On the issue of human rights, the President said the Western world has a holier than thou attitude that seeks to conceal their own abuses.
“I told my ambassador that one tool which the big boys use is the issue of human rights. They ignore human rights violations in their own backgrounds, in their own countries, in their own jurisdictions, but go around talking about human rights violations in developing countries when there are worse human rights violations in the jurisdictions of these powers.”
The President said the appreciation for human rights is so clear in Zimbabwe, which waged a protracted liberation struggle to bring majority rule and ensure human rights flourish.
“We suffered under human rights violation of oppression for decades and we had to go to war to bring democracy, so we cherish it.

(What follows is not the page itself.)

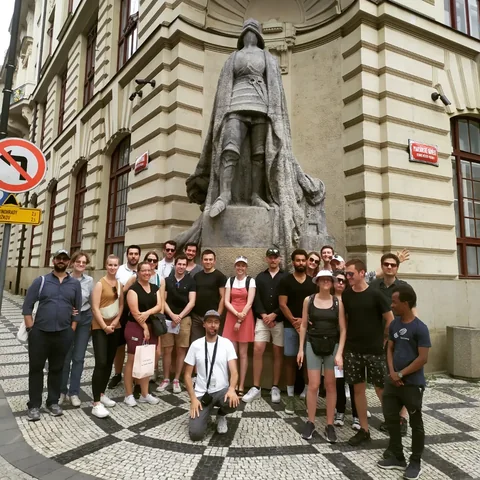 A group of travellers posing beside a stone statue on an Old Town street.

No one can lecture us about democracy so he must be aware, he must be aware that as SADC we stand together on issues of that nature and the AU. He mustn’t be bulldozed by the big boys because they have worse human rights violations in their jurisdictions.”
On the deployment of Cde Matemadanda to the Republic of Mozambique, President Mnangagwa said the two nations are sister republics that will stand shoulder to shoulder against any adversity.
“We are brothers and sisters, our independence came on the basis of the sanctuary which we received from Mozambique. An attack on Mozambique is an attack on us.
“However, because of two decades of sanctions our capacity to assist Mozambique in the fight against aggression is now limited as a result of the two decades of sanctions.
“But he must assure our brothers and sisters in Mozambique that Zimbabwe stands solidly with Mozambique on the challenges they are facing,” the President said.